● **What to work on**: Filter the entries, keeping every line with the word "Blue".

● **Given data**:
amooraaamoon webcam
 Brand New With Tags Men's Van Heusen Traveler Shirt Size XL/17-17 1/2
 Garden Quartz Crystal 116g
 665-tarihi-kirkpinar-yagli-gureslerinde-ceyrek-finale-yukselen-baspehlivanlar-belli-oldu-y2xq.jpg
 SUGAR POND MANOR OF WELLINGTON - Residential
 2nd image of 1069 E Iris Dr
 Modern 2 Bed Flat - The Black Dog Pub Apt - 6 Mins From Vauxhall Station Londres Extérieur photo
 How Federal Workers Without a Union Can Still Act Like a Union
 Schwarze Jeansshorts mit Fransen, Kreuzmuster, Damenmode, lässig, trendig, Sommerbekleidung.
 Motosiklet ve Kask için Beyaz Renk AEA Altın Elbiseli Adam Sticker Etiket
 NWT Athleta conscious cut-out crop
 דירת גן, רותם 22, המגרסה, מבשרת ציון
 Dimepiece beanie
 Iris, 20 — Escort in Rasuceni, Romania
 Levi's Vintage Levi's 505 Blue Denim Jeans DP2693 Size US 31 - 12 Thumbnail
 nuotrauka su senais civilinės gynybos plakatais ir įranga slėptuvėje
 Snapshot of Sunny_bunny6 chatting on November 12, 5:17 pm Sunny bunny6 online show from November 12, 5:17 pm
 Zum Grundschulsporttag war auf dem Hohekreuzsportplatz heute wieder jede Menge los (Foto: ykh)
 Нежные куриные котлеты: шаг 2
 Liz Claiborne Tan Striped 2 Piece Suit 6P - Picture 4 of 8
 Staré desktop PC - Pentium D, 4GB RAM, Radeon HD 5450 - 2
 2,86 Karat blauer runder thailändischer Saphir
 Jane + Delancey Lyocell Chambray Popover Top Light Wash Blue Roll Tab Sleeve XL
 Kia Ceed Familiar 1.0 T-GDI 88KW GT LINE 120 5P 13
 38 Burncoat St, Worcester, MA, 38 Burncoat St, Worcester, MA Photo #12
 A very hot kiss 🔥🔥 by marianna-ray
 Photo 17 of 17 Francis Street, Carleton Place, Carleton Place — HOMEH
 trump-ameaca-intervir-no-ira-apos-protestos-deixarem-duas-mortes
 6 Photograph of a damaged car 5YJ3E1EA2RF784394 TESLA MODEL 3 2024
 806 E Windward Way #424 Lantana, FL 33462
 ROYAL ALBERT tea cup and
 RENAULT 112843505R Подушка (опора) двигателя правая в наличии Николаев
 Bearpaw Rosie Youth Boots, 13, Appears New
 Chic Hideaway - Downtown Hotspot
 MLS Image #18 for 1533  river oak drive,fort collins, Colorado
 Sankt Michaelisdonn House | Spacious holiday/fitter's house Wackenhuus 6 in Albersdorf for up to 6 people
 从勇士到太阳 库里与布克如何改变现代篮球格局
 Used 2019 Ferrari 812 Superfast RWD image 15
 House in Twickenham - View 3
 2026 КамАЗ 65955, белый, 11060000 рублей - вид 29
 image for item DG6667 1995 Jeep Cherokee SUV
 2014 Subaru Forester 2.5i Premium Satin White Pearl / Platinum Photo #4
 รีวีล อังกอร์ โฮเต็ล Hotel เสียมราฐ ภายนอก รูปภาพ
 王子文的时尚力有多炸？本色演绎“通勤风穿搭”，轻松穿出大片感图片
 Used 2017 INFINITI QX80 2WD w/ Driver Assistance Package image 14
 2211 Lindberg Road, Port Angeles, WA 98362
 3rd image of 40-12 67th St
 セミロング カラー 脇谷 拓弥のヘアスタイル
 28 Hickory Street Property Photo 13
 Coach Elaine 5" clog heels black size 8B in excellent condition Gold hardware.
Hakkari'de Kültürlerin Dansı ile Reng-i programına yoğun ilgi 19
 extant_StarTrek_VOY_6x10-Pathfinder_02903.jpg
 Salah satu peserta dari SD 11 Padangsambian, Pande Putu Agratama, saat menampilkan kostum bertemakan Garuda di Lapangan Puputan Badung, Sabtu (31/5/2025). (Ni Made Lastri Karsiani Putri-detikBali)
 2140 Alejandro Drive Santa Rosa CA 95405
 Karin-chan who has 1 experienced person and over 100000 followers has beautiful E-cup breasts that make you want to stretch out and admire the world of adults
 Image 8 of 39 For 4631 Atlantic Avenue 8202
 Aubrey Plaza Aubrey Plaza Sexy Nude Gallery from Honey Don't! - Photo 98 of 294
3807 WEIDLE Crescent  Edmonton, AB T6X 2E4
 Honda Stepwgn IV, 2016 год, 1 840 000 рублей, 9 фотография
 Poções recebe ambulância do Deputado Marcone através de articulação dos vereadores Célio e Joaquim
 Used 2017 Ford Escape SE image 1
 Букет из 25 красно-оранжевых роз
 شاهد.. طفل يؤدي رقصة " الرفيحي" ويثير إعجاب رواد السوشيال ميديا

● **Solution below**:
 Levi's Vintage Levi's 505 Blue Denim Jeans DP2693 Size US 31 - 12 Thumbnail
 Jane + Delancey Lyocell Chambray Popover Top Light Wash Blue Roll Tab Sleeve XL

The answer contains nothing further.